My questions are: Can I use PCA to meaningfully get the Mahalanobis distance between patients, or is it inappropriate? Are there alternative distance metrics that work when $n < p$ and there is also much correlation among the $n$ variables?

  • $\begingroup$ The PCA could break the variable correlations, unless you use something like an oblique rotation. I'm also not sure how the variance apportioning in PCA will affect the Mahalanobis distance between similar patients. $\endgroup$
    – Michelle
    Mar 7, 2012 at 4:48
  • $\begingroup$ If PCA breaks the variable correlations, could I use some other distance metric (such as Pearson's distance) instead of the Mahalanobis distance? $\endgroup$
    – user4673
    Mar 8, 2012 at 19:22
  • $\begingroup$ I don't know enough to recommend further. I was hoping someone else would jump into the conversation. :) Given how variable reduction techniques like PCA work, I am curious as to whether any distance metric can be used on the outputs. $\endgroup$
    – Michelle
    Mar 8, 2012 at 19:40
  • $\begingroup$ I'm not an expert in the area. I just want to share, that I've a smilar problem of yours, and I've used 'cov.shrink' from corpcor package. $\endgroup$ Jun 8, 2012 at 13:56

3 Answers 3


If you keep all the components from a PCA - then the Euclidean distances between patients in the new PCA-space will equal their Mahalanobis distances in the observed-variable space. If you'll skip some components, that will change a little, but anyway. Here I refer to to unit-variance PCA-components, not the kind whose variance is equal to eigenvalue (I am not sure about your PCA implementation).
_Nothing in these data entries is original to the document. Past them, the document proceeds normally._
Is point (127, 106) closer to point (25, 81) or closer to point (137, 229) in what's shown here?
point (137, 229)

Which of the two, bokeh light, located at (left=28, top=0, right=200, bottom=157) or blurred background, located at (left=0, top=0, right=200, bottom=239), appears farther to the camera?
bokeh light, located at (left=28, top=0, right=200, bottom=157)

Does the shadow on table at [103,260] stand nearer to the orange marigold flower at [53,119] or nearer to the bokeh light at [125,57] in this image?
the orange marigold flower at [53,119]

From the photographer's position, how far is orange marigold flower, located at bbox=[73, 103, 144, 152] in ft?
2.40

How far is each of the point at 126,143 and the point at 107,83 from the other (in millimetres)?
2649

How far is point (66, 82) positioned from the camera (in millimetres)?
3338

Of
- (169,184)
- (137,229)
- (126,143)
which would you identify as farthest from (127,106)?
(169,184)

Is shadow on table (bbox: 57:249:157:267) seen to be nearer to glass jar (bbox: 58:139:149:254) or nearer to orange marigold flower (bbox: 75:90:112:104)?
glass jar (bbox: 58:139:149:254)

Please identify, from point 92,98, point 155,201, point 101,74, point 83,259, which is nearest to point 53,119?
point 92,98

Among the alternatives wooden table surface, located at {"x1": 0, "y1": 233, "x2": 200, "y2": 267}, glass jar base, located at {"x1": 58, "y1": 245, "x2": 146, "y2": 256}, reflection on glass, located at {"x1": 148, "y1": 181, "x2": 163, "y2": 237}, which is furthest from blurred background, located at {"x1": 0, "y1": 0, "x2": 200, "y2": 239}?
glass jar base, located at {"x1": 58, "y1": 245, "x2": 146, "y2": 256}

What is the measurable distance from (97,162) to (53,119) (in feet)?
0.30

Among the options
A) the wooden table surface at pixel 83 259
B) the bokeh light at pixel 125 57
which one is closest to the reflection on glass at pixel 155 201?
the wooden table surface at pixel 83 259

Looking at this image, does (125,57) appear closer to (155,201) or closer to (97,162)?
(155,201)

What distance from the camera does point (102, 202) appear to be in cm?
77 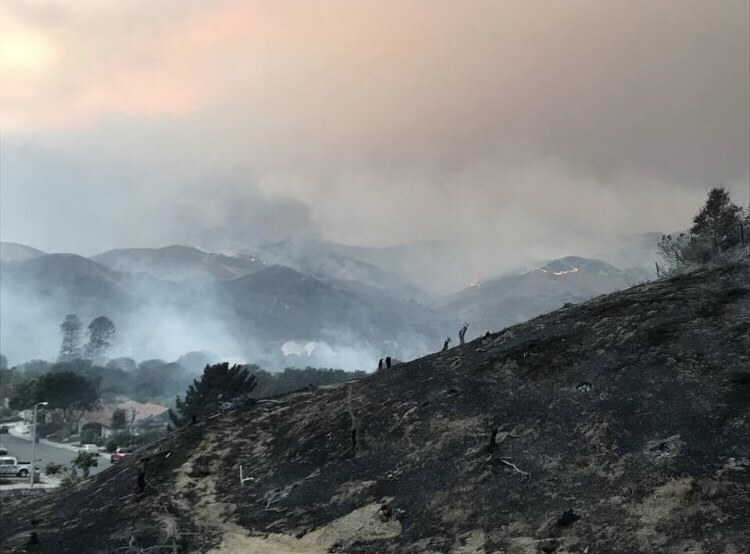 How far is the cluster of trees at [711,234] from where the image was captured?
4930 cm

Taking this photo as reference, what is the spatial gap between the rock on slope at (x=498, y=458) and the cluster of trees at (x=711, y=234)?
17.5 m

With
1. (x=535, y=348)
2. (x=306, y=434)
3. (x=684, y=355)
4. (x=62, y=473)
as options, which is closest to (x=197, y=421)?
(x=306, y=434)

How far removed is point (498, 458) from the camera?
2334 centimetres

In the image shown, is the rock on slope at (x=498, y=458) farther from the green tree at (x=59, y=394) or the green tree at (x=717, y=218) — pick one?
the green tree at (x=59, y=394)

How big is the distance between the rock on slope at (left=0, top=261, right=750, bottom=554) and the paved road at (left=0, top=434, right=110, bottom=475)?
67.1 meters

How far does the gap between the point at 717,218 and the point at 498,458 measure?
4641 centimetres

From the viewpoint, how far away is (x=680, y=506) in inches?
697

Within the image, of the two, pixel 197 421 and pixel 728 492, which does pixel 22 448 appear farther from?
pixel 728 492

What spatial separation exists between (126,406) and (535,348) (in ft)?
582

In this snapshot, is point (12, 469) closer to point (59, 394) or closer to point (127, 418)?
point (59, 394)

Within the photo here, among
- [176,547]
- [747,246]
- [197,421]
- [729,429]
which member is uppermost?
[747,246]

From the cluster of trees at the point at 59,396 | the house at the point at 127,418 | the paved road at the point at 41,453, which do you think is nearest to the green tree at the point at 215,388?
the paved road at the point at 41,453

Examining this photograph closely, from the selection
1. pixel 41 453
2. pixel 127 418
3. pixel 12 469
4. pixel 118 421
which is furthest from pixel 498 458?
pixel 127 418

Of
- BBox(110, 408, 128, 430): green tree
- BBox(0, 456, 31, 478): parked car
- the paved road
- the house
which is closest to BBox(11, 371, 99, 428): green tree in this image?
the house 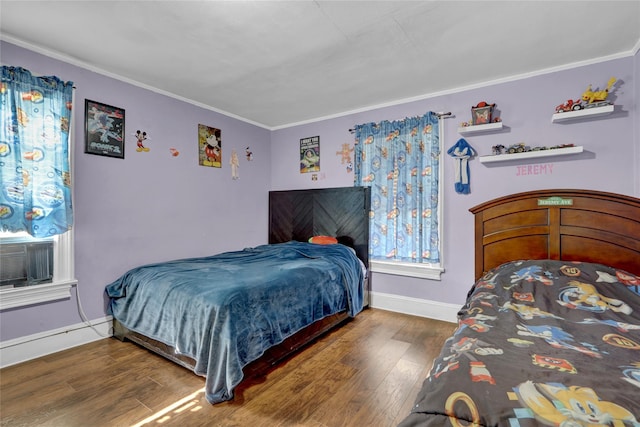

I just mean, that if you want to evaluate Mahalanobis distance between the patients, you can apply PCA and evaluate Euclidean distance. Evaluating Mahalanobis distance after applying PCA seems something meaningless to me.

  • 1
    $\begingroup$ Here's a short article discussing the relation: Brereton, R. G. The Mahalanobis distance and its relationship to principal component scores Journal of Chemometrics, Wiley-Blackwell, 2015, 29, 143–145. dx.doi.org/10.1002/cem.2692. Note that PCA in chemometrics is by default a pure rotation of the data, thus not the unit-variance version Dmitry refers to. $\endgroup$ Aug 19, 2016 at 8:14

Take a look into the following paper:

Zuber, V., Silva, A. P. D., & Strimmer, K. (2012). A novel algorithm for simultaneous SNP selection in high-dimensional genome-wide association studies. BMC bioinformatics, 13(1), 284.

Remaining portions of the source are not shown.